道標|≪過去を見つめて|あさっての方向へ≫
自宅電話にハアハア電話が来たことはあったが、会社の電話で 受けたことはかつて経験したことがない。 とうとう本日恐怖のそれをとってしまった私。
「ハアハア、なんでアンタんとこの電話混線してるの?」
もうハアハアと息が漏れている時点で即刻受話器を叩き切るべきだった。 だが声の質が初老の男性であったこともあり、 一応仕事でもあるので用件を聞き出そうと話を続けようとする 健気な私。
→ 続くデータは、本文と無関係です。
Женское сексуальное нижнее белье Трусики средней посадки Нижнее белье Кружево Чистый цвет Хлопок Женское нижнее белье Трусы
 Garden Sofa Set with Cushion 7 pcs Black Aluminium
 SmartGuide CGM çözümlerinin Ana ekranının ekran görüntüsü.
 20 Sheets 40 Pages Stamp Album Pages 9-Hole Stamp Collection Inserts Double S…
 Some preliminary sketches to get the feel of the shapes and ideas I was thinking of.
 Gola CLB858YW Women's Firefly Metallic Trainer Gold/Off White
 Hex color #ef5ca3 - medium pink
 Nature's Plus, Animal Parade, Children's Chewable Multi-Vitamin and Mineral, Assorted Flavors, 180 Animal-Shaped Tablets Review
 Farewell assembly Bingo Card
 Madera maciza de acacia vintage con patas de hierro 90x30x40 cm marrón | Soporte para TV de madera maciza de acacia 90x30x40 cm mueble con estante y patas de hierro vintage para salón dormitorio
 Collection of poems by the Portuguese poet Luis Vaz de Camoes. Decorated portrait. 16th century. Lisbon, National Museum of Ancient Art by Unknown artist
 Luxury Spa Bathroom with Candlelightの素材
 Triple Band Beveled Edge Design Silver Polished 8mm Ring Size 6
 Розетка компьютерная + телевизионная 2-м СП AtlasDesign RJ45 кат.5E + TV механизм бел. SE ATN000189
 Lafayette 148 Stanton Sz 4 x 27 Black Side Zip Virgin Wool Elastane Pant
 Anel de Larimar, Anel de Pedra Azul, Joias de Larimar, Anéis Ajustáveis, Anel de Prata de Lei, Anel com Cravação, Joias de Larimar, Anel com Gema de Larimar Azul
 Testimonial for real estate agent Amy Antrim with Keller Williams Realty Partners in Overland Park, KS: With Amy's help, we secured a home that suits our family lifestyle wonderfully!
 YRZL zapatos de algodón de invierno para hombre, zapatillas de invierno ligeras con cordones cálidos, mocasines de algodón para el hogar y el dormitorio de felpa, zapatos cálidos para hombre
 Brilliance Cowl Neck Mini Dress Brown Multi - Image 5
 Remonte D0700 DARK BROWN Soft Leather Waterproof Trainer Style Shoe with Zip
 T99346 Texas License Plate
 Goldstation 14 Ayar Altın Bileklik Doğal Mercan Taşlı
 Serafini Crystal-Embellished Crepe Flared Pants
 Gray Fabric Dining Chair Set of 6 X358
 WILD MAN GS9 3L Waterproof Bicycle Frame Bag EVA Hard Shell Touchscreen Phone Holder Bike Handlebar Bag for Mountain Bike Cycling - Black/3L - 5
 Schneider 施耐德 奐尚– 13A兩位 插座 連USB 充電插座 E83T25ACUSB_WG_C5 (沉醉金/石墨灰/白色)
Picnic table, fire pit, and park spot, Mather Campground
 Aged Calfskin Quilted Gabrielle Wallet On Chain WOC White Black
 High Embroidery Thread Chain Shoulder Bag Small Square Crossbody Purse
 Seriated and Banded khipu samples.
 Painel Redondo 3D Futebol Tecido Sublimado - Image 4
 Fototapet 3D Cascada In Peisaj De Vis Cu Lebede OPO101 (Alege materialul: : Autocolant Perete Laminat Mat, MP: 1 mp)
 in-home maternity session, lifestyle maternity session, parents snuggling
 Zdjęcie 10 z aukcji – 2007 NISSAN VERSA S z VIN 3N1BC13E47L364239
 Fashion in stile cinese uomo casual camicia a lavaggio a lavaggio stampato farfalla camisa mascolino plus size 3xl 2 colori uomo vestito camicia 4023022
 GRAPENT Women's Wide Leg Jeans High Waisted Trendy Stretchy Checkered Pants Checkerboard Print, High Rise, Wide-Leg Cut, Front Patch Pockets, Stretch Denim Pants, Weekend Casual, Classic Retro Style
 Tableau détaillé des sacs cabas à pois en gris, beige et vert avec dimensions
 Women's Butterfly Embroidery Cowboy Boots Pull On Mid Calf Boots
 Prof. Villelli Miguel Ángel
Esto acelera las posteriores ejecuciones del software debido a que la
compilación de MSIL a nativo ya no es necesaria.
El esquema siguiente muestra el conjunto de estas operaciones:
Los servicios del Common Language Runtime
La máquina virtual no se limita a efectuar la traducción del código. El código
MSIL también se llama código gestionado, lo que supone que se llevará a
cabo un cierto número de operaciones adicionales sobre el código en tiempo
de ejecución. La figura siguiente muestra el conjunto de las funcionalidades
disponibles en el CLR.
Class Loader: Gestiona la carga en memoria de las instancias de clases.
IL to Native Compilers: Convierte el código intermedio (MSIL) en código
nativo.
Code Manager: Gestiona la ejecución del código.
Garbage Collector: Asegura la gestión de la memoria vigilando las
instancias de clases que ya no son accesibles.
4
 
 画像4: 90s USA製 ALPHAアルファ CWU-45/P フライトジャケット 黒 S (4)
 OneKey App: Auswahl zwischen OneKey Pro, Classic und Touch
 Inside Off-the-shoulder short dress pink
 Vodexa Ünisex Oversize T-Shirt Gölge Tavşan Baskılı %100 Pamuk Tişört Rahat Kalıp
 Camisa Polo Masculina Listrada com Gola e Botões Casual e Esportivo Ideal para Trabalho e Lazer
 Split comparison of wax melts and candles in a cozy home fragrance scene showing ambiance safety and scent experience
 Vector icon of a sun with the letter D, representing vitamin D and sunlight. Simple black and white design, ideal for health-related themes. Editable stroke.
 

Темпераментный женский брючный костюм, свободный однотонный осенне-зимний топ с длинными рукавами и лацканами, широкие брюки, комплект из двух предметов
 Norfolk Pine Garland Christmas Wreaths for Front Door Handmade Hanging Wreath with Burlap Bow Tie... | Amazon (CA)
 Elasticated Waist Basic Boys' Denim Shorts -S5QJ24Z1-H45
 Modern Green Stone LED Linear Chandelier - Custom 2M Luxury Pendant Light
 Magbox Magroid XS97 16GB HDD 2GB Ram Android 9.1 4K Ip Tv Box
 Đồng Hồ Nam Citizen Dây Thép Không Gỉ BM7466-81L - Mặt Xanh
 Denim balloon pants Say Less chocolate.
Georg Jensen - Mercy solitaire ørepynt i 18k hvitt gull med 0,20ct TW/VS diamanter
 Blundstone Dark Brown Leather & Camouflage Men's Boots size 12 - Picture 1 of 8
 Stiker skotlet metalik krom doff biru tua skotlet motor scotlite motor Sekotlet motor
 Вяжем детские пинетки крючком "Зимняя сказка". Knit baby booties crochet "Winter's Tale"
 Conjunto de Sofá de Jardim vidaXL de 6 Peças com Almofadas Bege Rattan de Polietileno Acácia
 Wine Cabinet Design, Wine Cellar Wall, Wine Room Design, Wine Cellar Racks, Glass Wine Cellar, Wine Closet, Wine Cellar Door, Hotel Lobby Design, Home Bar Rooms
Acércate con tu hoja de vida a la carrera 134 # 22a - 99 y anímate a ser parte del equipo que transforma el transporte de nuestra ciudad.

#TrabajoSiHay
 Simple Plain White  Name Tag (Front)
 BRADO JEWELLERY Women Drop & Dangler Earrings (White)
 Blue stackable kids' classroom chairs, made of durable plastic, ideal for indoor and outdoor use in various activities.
男は続ける。
「(※一応業務内容に関わるので省略)…担当の女出してくれ」
うちにはそれに該当する女性社員は居ないので、 「女性の担当ではなく男性でしたら…」と応えようとすると 「ぐへへ(※ホントにこう言った)、あんたいい声してるな」
「…はあ」
「じゃあ(※一応以下略)…担当の女ならいるだろ、お・ん・な!」
これも生憎いない。つーかうちの業務、それやってねーよ。
「お客様、本日はどのようなご用件でしたか?宜しければ お聞かせ願えませんか」と繰り返し問うと
「オレのおしっこが出ない」
「…」
ここは泌尿器科と一切関係無いんですが。 男は熱く「自分は排尿ができないがところでアンタはいい声を しているから名前を聞かせろオレは○○○と繋がっていてアレで ナニでソレをあの日あの時あの場所で」と延々と続ける。 ハアハアも最高潮に達していたので無理やり上司に代わってもらったが、 クソ使えない上司は電話操作を誤り、会話は呆気なく終了した。
死 ね ! 死 ね ! 死 ね ! 姿の見えぬじじいに延々しゃべって40分。 私の呪いよ届け君の心に!!